The Centers for Disease Control and Prevention (CDC), along with other health practitioners, agrees that smoking is a leading cause of preventable death and disease in the United States. However, efforts from these groups are still not enough to discourage people from taking up the vice. That's why the CDC took it to the next level when it launched its anti-smoking campaign in the hopes of getting smokers to quit and discourage others from even trying.

Called "Tips from Former Smokers," (Tips) the campaign features real people who suffered from long term smoking-related diseases, as well as non-smokers whose health also suffered because of secondhand smoke.

The people who participated in the Tips campaign range from the average Joes and Janes to those who enjoy careers in white-collar fields.

"Really cigarettes are simply a slow, painful poisoning that you're doing to yourself and if you think you're attached to cigarettes, just wait until you're attached to oxygen... This has to go with me everywhere or I don't get to continue to live," 54 year old attorney, Becky Herner, shared. She began smoking at the age of 16.

Kristy is a truck driver who had a lot of time on her hands to smoke but she finally quit after the habit took a toll on her body. "I knew I had to quit. So, for six months, I used e-cigarettes. Then I stopped. But the whole time, I kept smoking regular cigarettes, right up until my lung collapsed. My tip is, just cutting down on cigarettes isn't enough," she recounted. She also said she experienced shortness of breath and had smoker's cough.

CDC Director Dr.
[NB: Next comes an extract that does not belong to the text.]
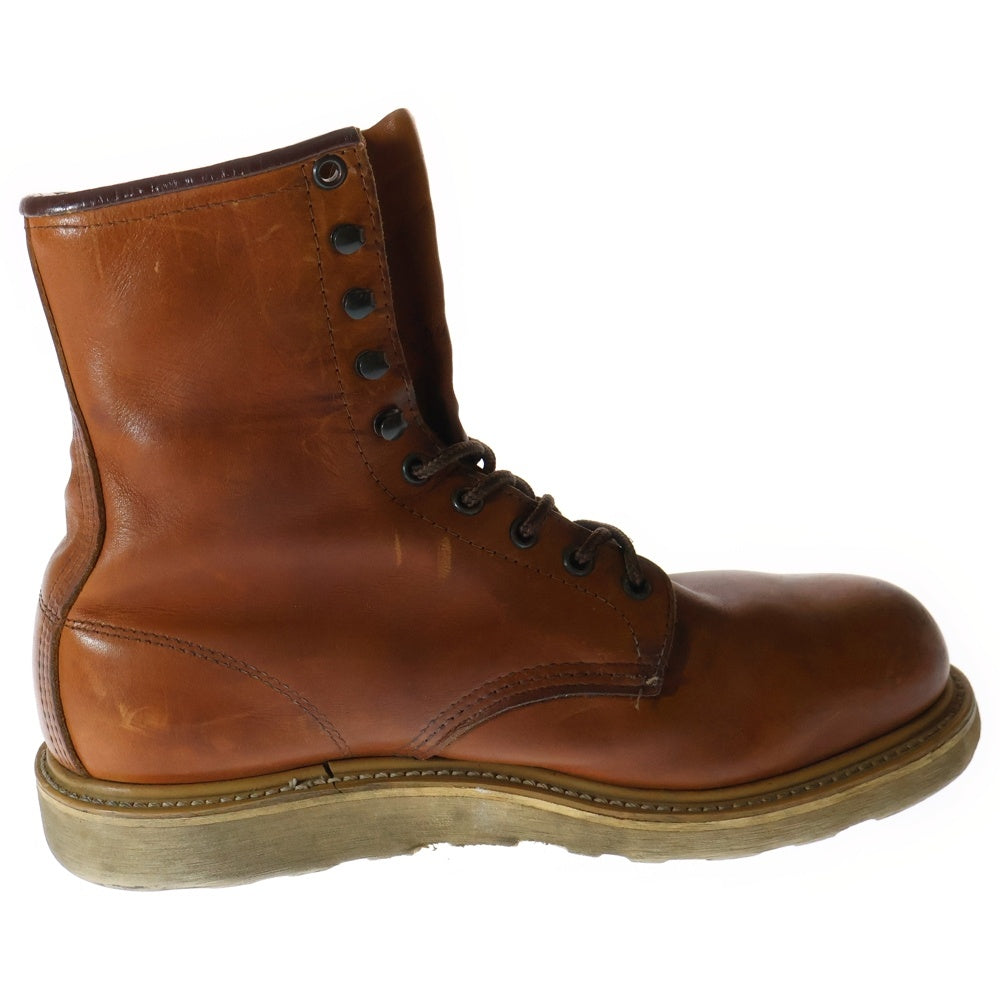 RED WING(レッド ウイング) カナダ限定 プレーントゥ ワークブーツ ブラウン 8221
Thomas Frieden believes that the effectiveness of the campaign is mostly due to its humanizing factor. People can easily shrug off photos of real damaged internal organs and actual statistics. What makes CDC's campaign different is that people - especially smokers - now get to see the effects and hear real-life stories from those who suffered from their smoking habit and who regret that they did not quit when they had a chance to.